PROBLEM DETAILS -> Print every line from the start of the data, and when you reach the line with "16120030 - Property Image 3", include it and stop. Pictures are not part of the copy.
%%
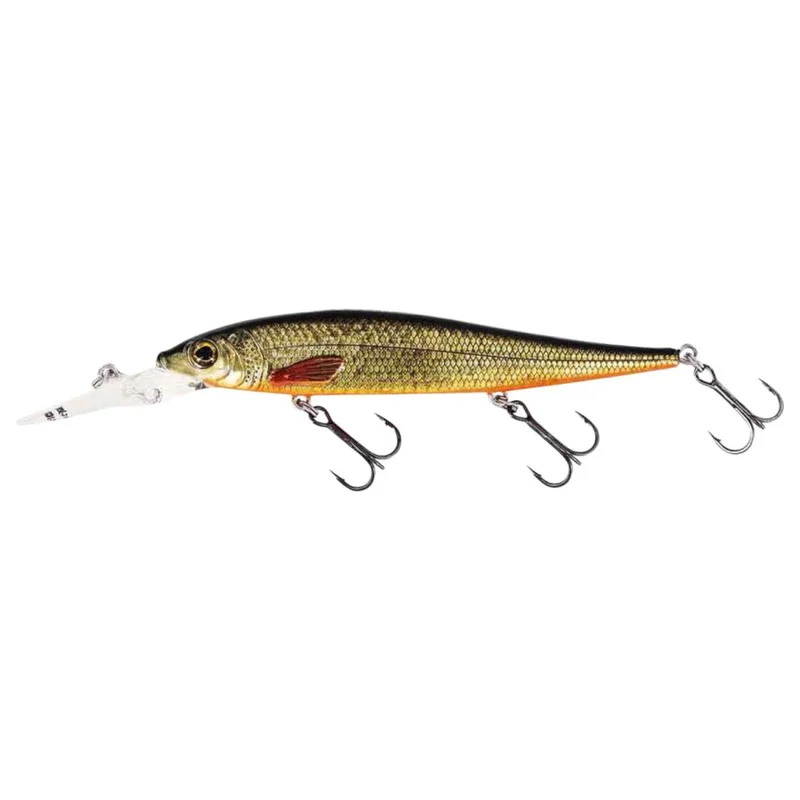tackle-dealer-shop4852955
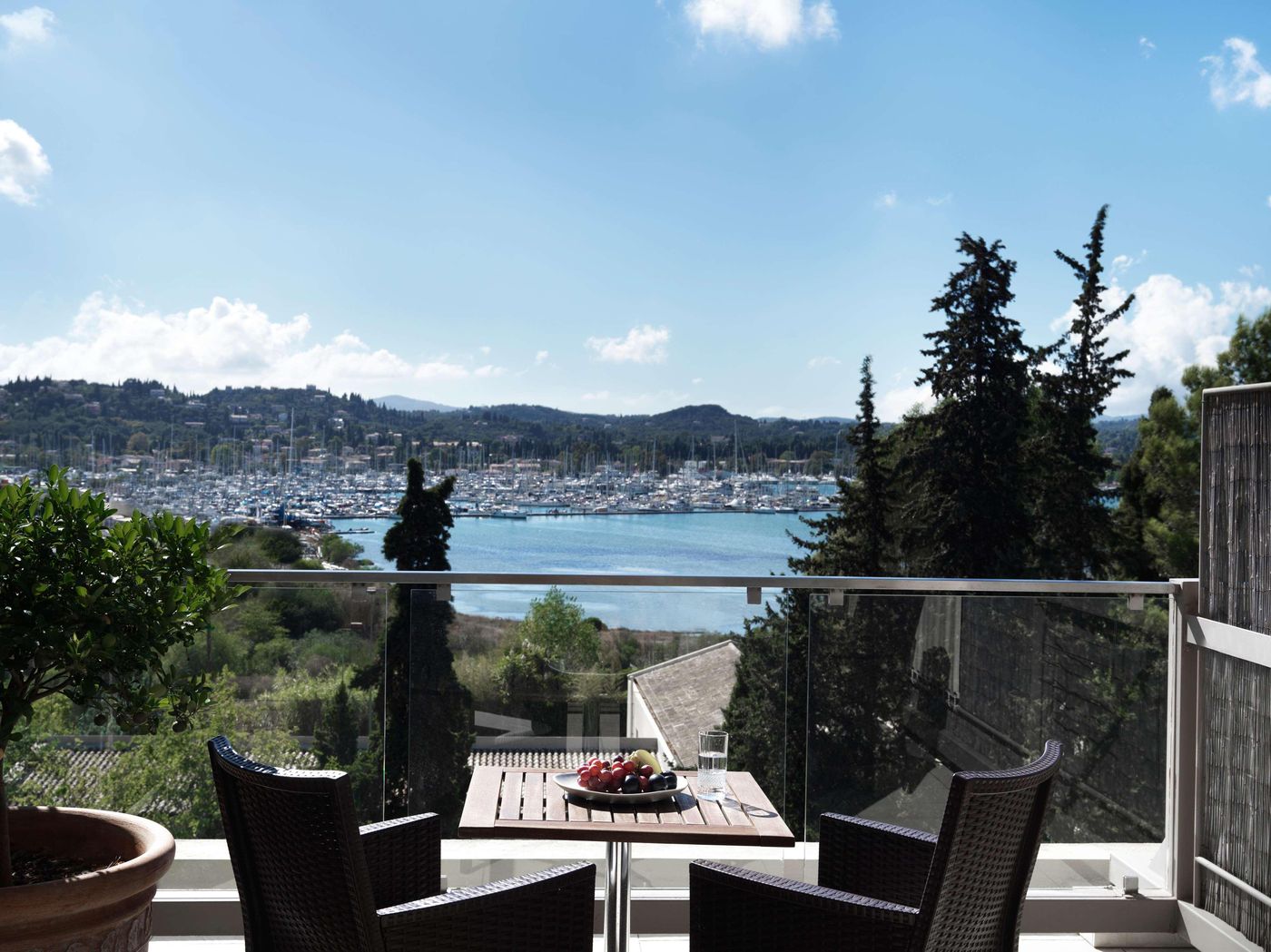 Kontokali-Bay-Room-101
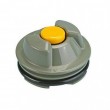 Thetford Vent Button - 16176-74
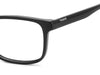 Polaroid PLD D598 #colour_black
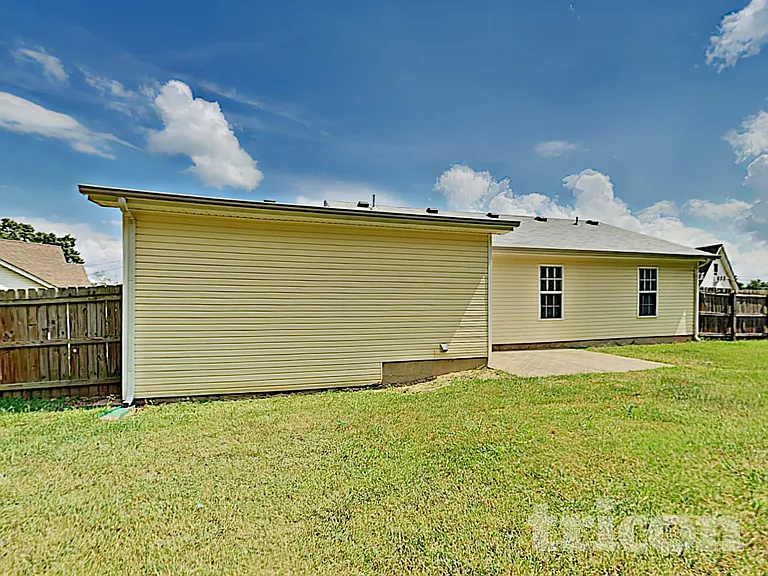 1029 Sky Valley Trl — Photo 12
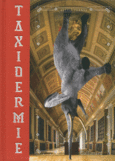 Couverture Taxidermie ()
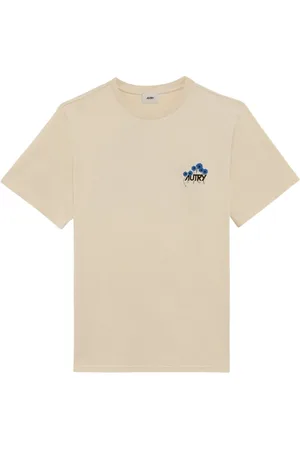 Autry Uomo, Top, , M, new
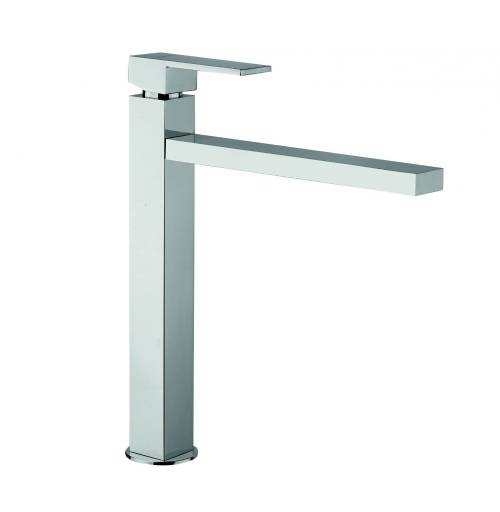 Schock SXSKY80 AQUASKY miscelatore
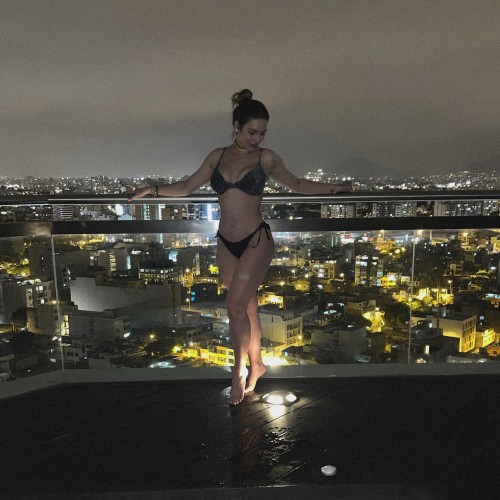 vanesilvasp 1690598651 3157292783605489470 409323555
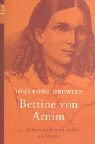 Bettine von Arnim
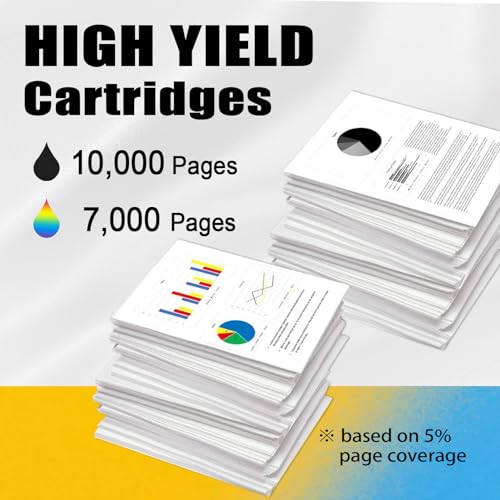 Tinta Y Tóner, Office Product Imagen adicional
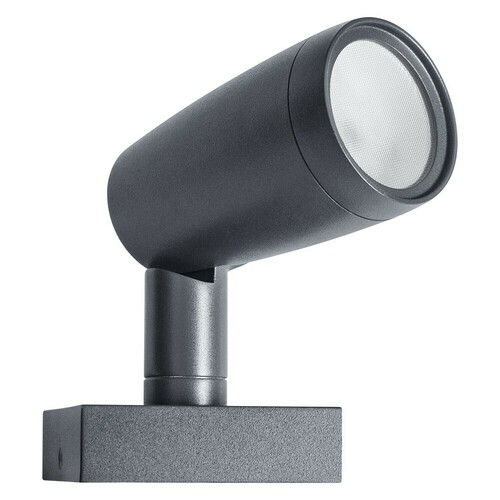 Ledvance LED-Spot WiFi, RGBTW SMART+#4058075478374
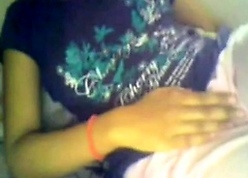 X INDIAN First of all WEBCAM Effectuation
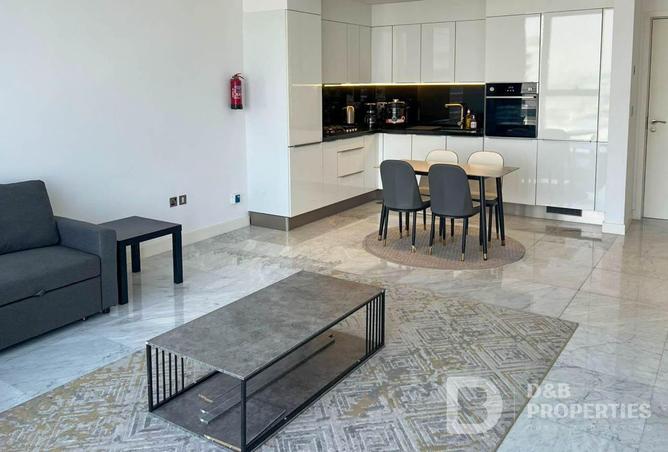 16120030 - Property Image 3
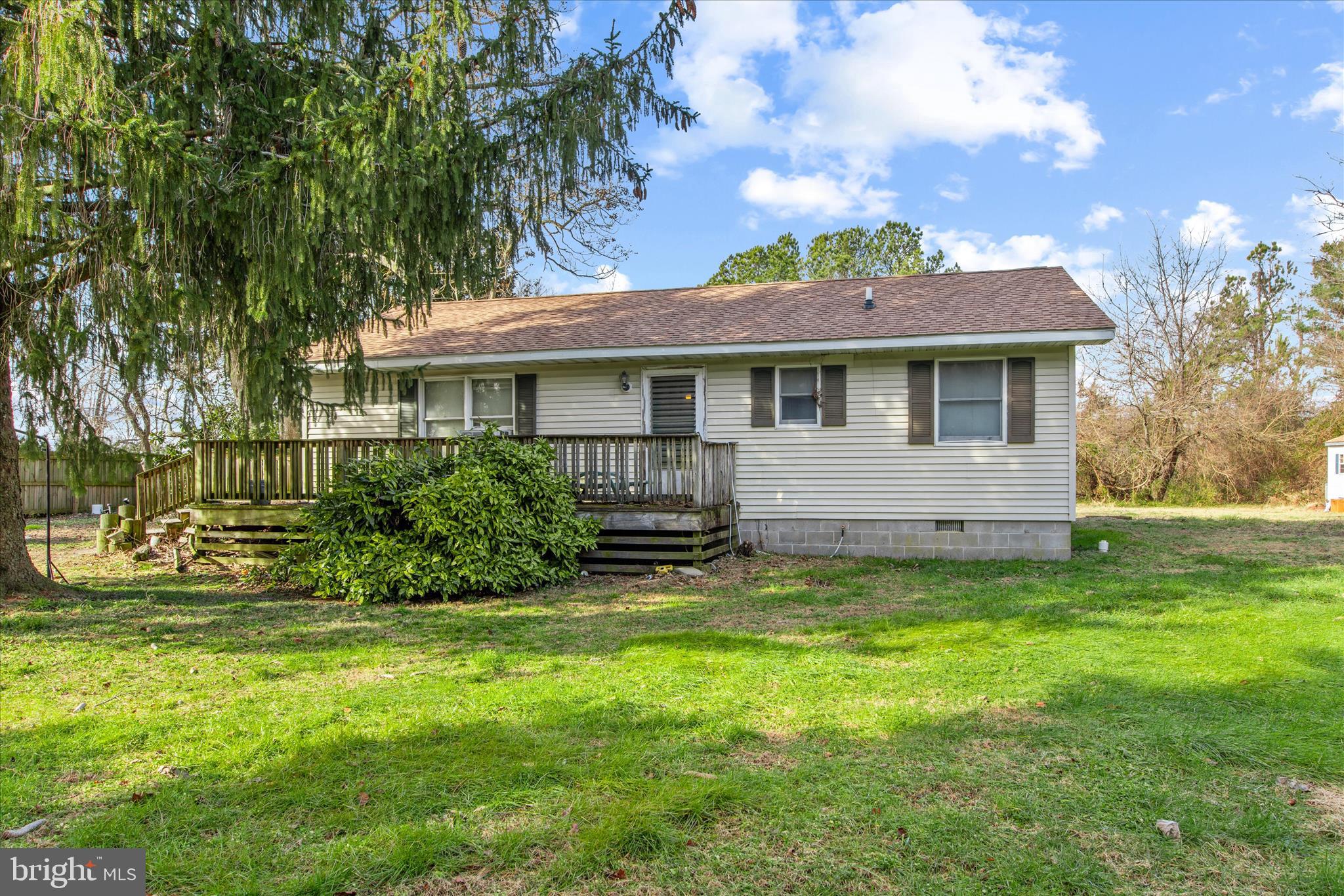 28359 MARTINS FARM ROAD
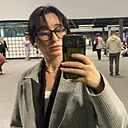 Знакомства: Юлия, 34 года, Нижний Новгород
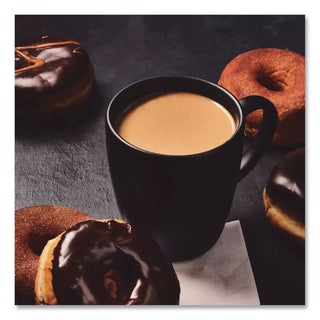 Original Blend Ground Coffee, 30.5 oz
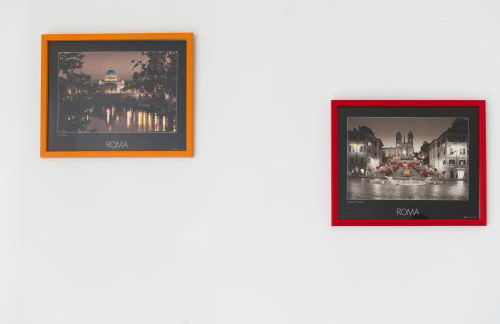 A Casa di Giò - Photo 25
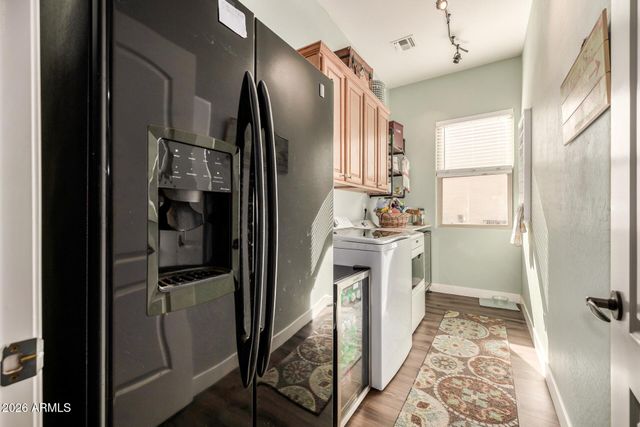 13318 W EL SUENO Court, Sun City West, AZ 85375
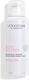L'Occitane Reine Des Pres Intense Schaumstoff Reinigung Gesicht 150ml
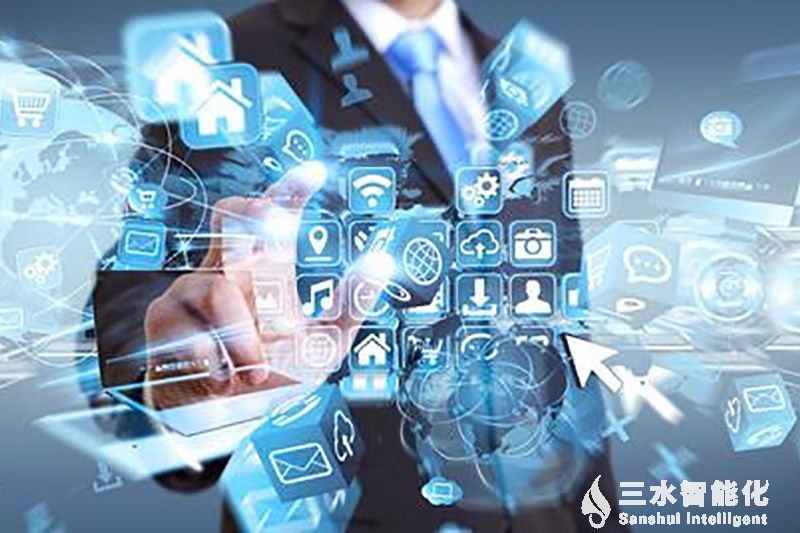 91免费软件集成化係統_能耗能源監測管理 (57).jpg 91免费软件集成化係統_能耗能源監測管理 (57).jpg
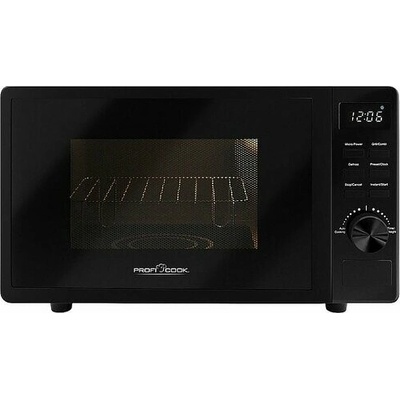 ProfiCook MWG 1278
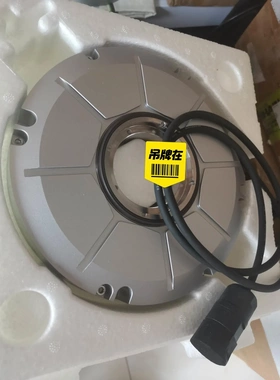 非标价RCN729 海德汉 式编码器 全新件 RCN8380议价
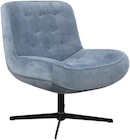 Sessel von ambia home im aktuellen XXXLutz Möbelhäuser Prospekt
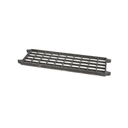 Hd lava rock grate-small - Vollrath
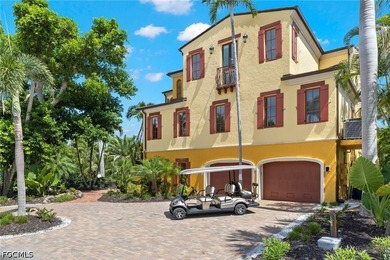 Where timeless island architecture meets modern luxury, this - photo 47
%%
OUTPUT OF THE TASK ->
tackle-dealer-shop4852955
 Kontokali-Bay-Room-101
 Thetford Vent Button - 16176-74
 Polaroid PLD D598 #colour_black
 1029 Sky Valley Trl — Photo 12
 Couverture Taxidermie ()
 Autry Uomo, Top, , M, new
 Schock SXSKY80 AQUASKY miscelatore
 vanesilvasp 1690598651 3157292783605489470 409323555
 Bettine von Arnim
 Tinta Y Tóner, Office Product Imagen adicional
 Ledvance LED-Spot WiFi, RGBTW SMART+#4058075478374
 X INDIAN First of all WEBCAM Effectuation
 16120030 - Property Image 3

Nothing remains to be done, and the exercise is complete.